Dimensionality and Rasch model analysis

The dimensionality analysis confirmed that the dataset aligned with the assumptions of the Rasch model. The raw variance explained by the measures was 38.9%, while the essential unidimensionality calculated as the proportion of Rasch-common variance, reached 76.5%. These values exceed the commonly accepted thresholds of 20% for unidimensionality and 50% for essential unidimensionality, supporting the interpretation that the observed response patterns primarily reflect a single latent trait as psychiatric clinical knowledge.

The Rasch model parameters for chatbots were presented in Table 3. ChatGPT-o1-preview achieved the highest performance among all models, with a JMLE ability score of 2.23, substantially surpassing the passing threshold (JMLE = 0.44, p < .001). Its infit (MNSQ = 1.08, ZSTD = 0.54) and outfit (MNSQ = 0.97, ZSTD = 0.07) statistics were within the acceptable range of 0.5–1.5 and ±1.96, respectively, indicating strong consistency with the Rasch model’s expectations. The chatbot’s responses demonstrated both reliability and validity in assessing psychiatric clinical knowledge.

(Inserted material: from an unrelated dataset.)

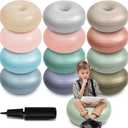 Lewtemi Pack of 12 Flexible Seating for Classroom Elementary 20 Inch Yoga Ball Chair Large Inflatable Donut Ball Chair Wobble Seat with Inflator for Kids Student Sensory Balance Exercise Home Office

Performance and reasoning of ChatGPT-o1-preview

The person–item map (PKMAP) for ChatGPT-o1-preview (Fig 1) visually represents its performance across questions of varying difficulty levels. In the PKMAP, the vertical axis represents the difficulty of questions in logits, with more difficult items located higher on the map, while the horizontal axis separates correct responses (on the left) from incorrect responses (on the right). The upper-left quadrant (e.g., Items 52, 54, 79, and 140) of the map highlights areas where ChatGPT-o1-preview demonstrated strong capabilities, successfully answering challenging questions. Conversely, the lower-right quadrant (e.g., Items 27, 36, 42, 43, 77, 92, 106, 117, 131, and 146) indicates areas where the chatbot struggled, with incorrect answers to relatively easier questions. This distribution provides a clear visualization of the chatbot’s strengths and weaknesses in its performance on the questions.

thumbnail
Fig 1. The person–item map (PKMAP) of ChatGPT-o1-preview.

It illustrated the relationship between the chatbot’s ability and the difficulty of the test items. The vertical axis, measured in logits, represents the difficulty level of the questions.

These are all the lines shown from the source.